4. Where the application is not attached to the policy, but is the basis upon which the policy is issued, any material misrepresentations of facts by the insured, if fraudulently made to induce the acceptance of the risk, will void the policy. Failure to state a material fact will not void a policy unless such failure be fraudulent; “but the wilful concealment of such facts, which would enhance the risk, will void the policy.” Civil Code (1910), §§ 2479, 2480, 2481.

5. “A material representation is one that would influence a prudent insurer in determining whether or not to accept the risk, or in fixing the amount of the premium in the event of such acceptance.” Life Insurance Co. of Va. v. Pate, 23 Ga. App. 232 (97 S. E. 874).

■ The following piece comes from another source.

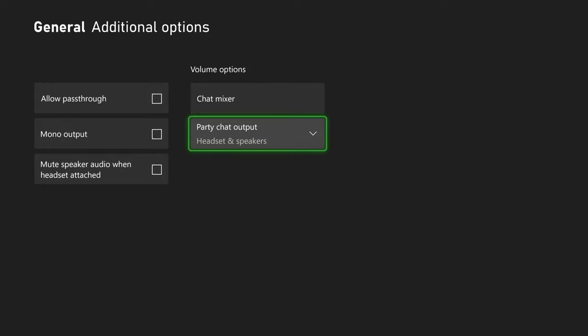If that doesn't work, some games have an option to disable voice chat. You just need to go to the game settings and turn on voice chat there.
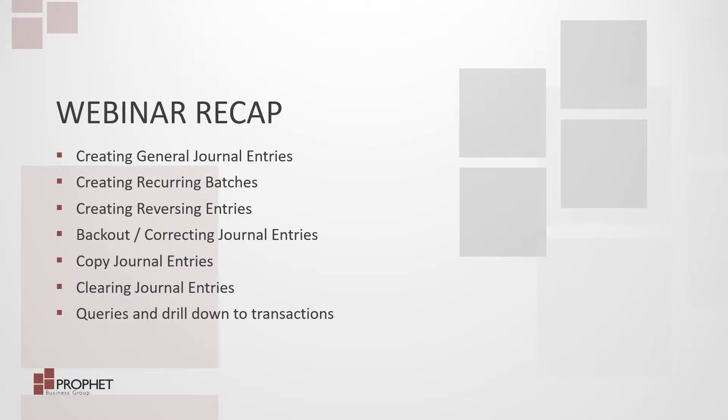During today's webinar, we showed that there's more to general ledger journal entries than meets the eye. You can create recurring or reversing entries, copy paste from Excel to GL distributions, copy one journal entry to another, clear account balances, and perform different queries to get information and drill back to transactions.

6. “While questions as to the truth and materiality of representations are generally issues of fact, for determination by the jury, yet where all the testimony relating to a question of fact excludes every reasonable inference but one, the issue becomes one of law, for determination by the court.” Wilkins v. National Life & Accident Ins. Co., 23 Ga. App. 191 (97 S. E. 879); Southern Surety Co. v. Fortson, 44 Ga. App. 329 (161 S. E. 679); Franklin Fire Ins. Co. v. Shahan, 46 Ga. App. 181 (167 S. E. 194); Jefferson Standard Life Ins. Co. v. Henderson, 37 Ga. App. 704 (141 S. E. 498).

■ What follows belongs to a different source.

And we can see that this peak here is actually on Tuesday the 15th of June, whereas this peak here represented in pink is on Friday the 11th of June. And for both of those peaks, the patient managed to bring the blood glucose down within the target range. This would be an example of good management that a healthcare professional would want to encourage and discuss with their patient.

7. Under the above rulings, where the insured in his application for insurance, dated June 24, 1931, which stated that the statements therein made by the applicant were to be considered as a basis for the company’s action in accepting the application, represented that he had not in the previous five years been attended by any physician; that he had no family physician; that he had never been on a special diet or received any drug injections; that he had no illness in the previous five years, and that his weight was 158 pounds, and where the evidence discloses without dispute that the deceased was treated frequently in the five years immediately preeeeding the application for severe pains from adhesions caused by an appendicitis operation in 1917, and was during that time given hyperdermics of morphine to relieve such pains, one of such treatments being in September, 1930; that in August, 1930, he was treated for a severe ease of colitis, inflammation of the large bowel with stagnation or small seepage of food through the colon and descending bowel from the large, the sigmoid; that he was treated for pains in his stomach on August 22, 1930; September 1, 9, 27; October 17; December 14, 1930, and March 20, 1931, March 28; May 4, 12, 20, 23, June 3, 10, and 24th; that on June 17, 1931, a few days prior to the date of the application he was treated for a severe ulcerated pharyngitis, and again on the 20th and 23d, which condition was of a serious type and is sometimes indicative of some serious condition, such as tuberculosis, although it was not so diagnosed at that time; that he had a family physician since 1913; and that his weight two days after the application was 123% pounds, and during the two years prior to June 24 never exceeded 134 pounds and that the insured died in February, 1932, of tuberculosis, the trial judge did not err in directing a verdict *720in favor of the defendant. The motion for a new trial was without substantial merit.

Decided September 26, 1934. T. J. Lewis, for plaintiff: Harold Hirsch, Marion Smith, Welborn B. Gody, for defendant.

Judgment affirmed.

Broyles, C. J., and Guerry, J., concur.